One of the key enablers for delivering more automation and linking the various touch points within the passenger journey is biometric technology.
Gloria Guevara Manzo, president and CEO World Travel & Tourism Council (WTTC) agrees saying: “The whole journey from start to finish through the airport, the hotel, the return journey and onward travel should be seamless.” She added that “biometrics and facial recognition are vital in achieving this”. She also warned that while the US is leading the way with biometrics, there are too many silos. Airlines, airports and authorities across the industry and the globe “need to come together to overcome the challenges in offering faster and more convenient processes for passengers”. She also stressed that while she understood passengers’ privacy concerns, she felt the majority of travellers would be happy to use biometrics and facial recognition if it meant simplifying their journey and avoiding queues when proceeding through airport security and checkpoints.
Fraport’s CEO, Stefan Shulte, offered his support for eliminating queues, saying alongside security “this should be a priority for airports”. He added: “We need to address how technologies, including biometrics, can help with efficiency in passenger processing, but also how they will help passengers themselves and enhance their overall experience.”
Meanwhile, Chris Garton, Heathrow Airport’s COO, highlighted that while a 2016 report revealed that the global travel retail market was worth £52 billion globally, passengers were reporting that they were spending 50% of their dwell time in non value-added services, including queues at security checkpoints.

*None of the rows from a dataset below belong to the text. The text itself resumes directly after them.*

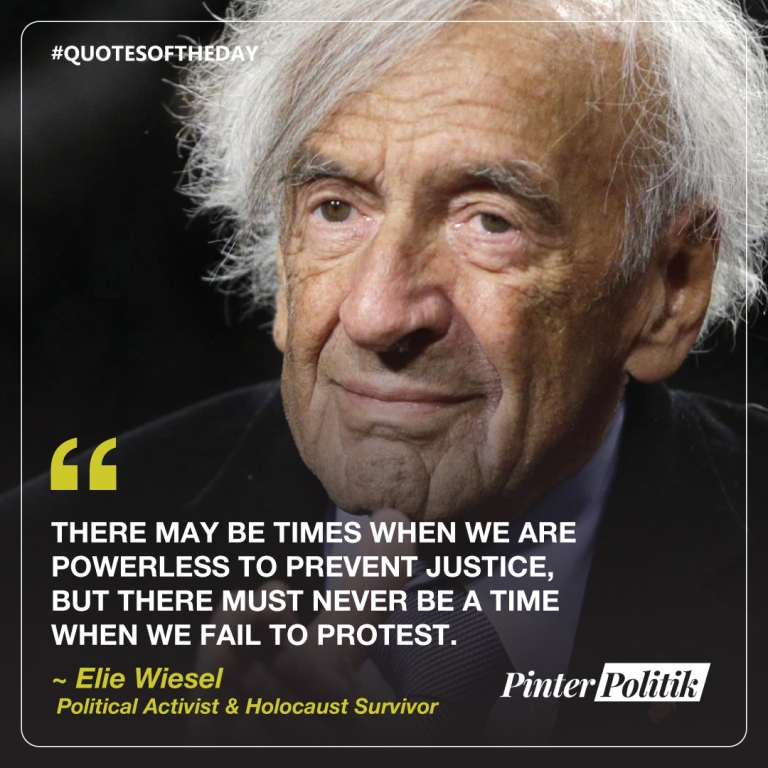 Quote Of The Day Elie Wiesel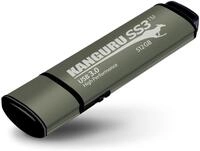 Kanguru SS3 USB-Stick (USB 3.0, mit Verschl&uuml;sselung gesch&uuml;tzt), Braun braun 32 gb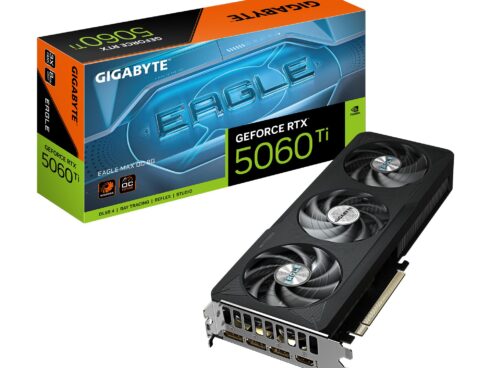 Graphics Card GIGABYTE NVIDIA GeForce RTX 5060 Ti 2617 MHz 8 GB GDDR7 128 bit PCI Express 5.0 Active GV-N506TEAGLEMAXOC-8GD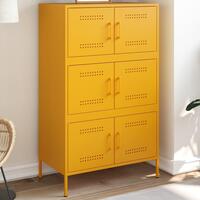 Højskab 68x39x113 cm stål sennepsgul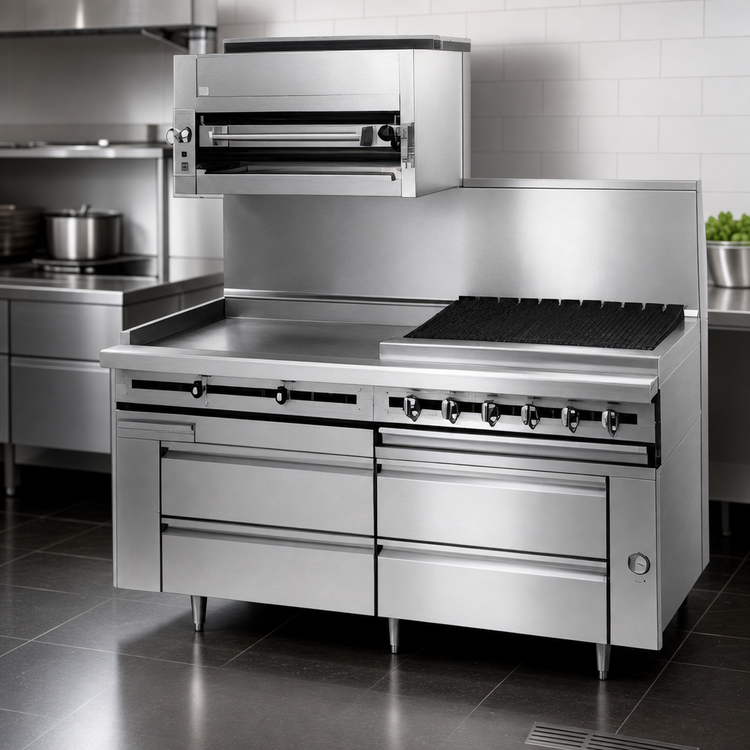 Product image #4 for Titan JMRH-36B 36" Modular Heavy Duty Gas Charbroiler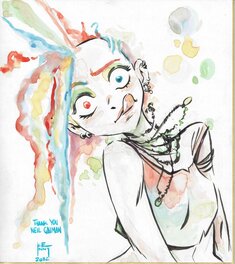 Kenny Ruiz - Delirium (shikishi) - Original Illustration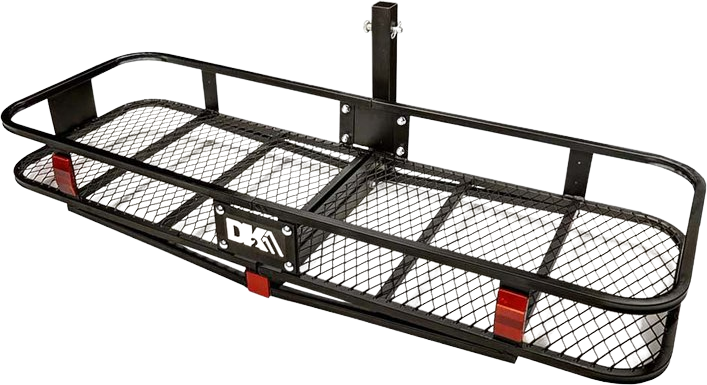 DK2 HCC602 500 lb Capacity Hitch Mount Cargo Carrier - Heavy Duty Steel Construction for 2-Inch Receiver - Perfect for Camping, Road Trips & Hauling Gear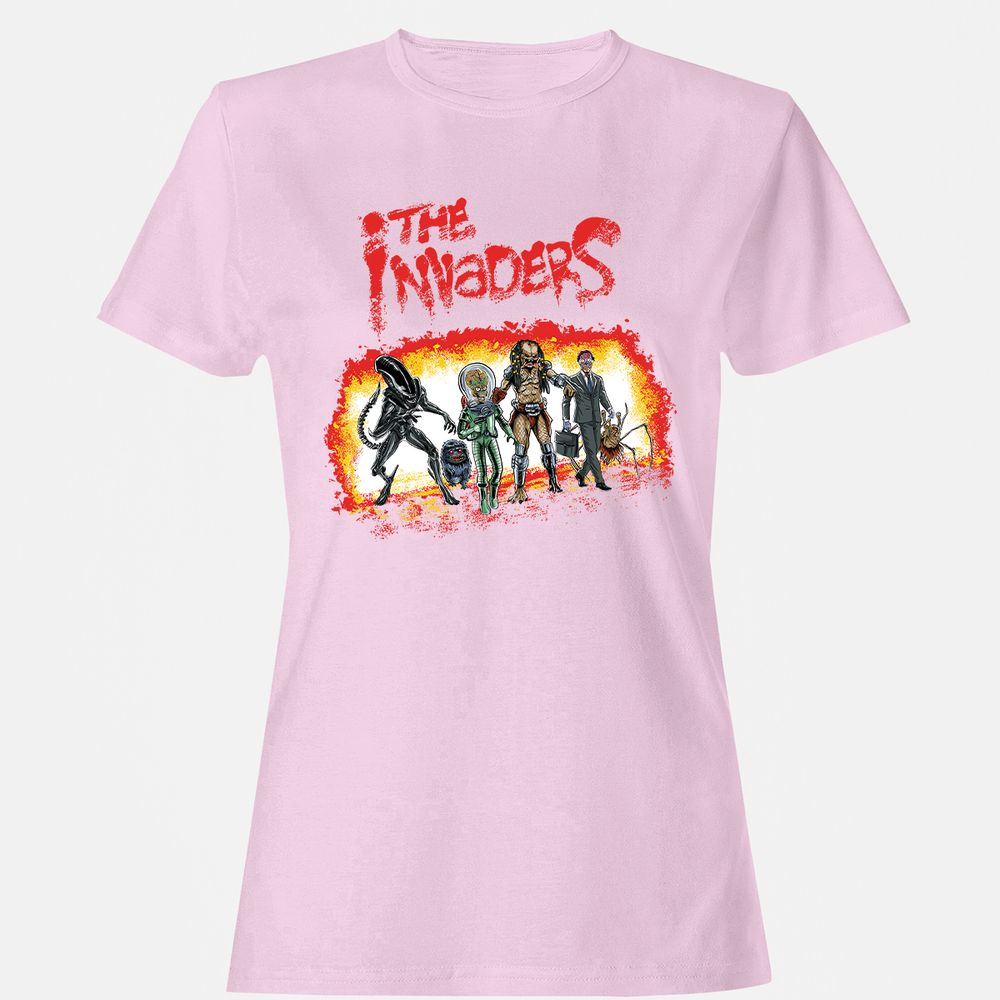 Women's T-Shirt - DR4K7TTN - Light Pink - 9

Heathrow has already embraced automation and biometrics to improve the customer experience, investing £50 million in end-to-end biometric testing technology. Over 65% of its customers are now able to use an e-gate on arrival, which has resulted in “tremendously positive feedback from passengers.”
Speaking from a software supplier’s perspective, Julie Shainock, global managing director, travel and transportation industry, Microsoft concluded that “the long-term goal for airports is all about frictionless travel from curb to gate and hyper-personalisation.” Underpinning that biometrics and digital identity is the future she stated this “will overlap beyond just airports, airlines and border control and will be integral across different industries, such as healthcare and retail.” It’s set to become very much part of day-to-day life and if airports don’t embrace it they’ll be left behind.
Just don’t forget to smile for the camera!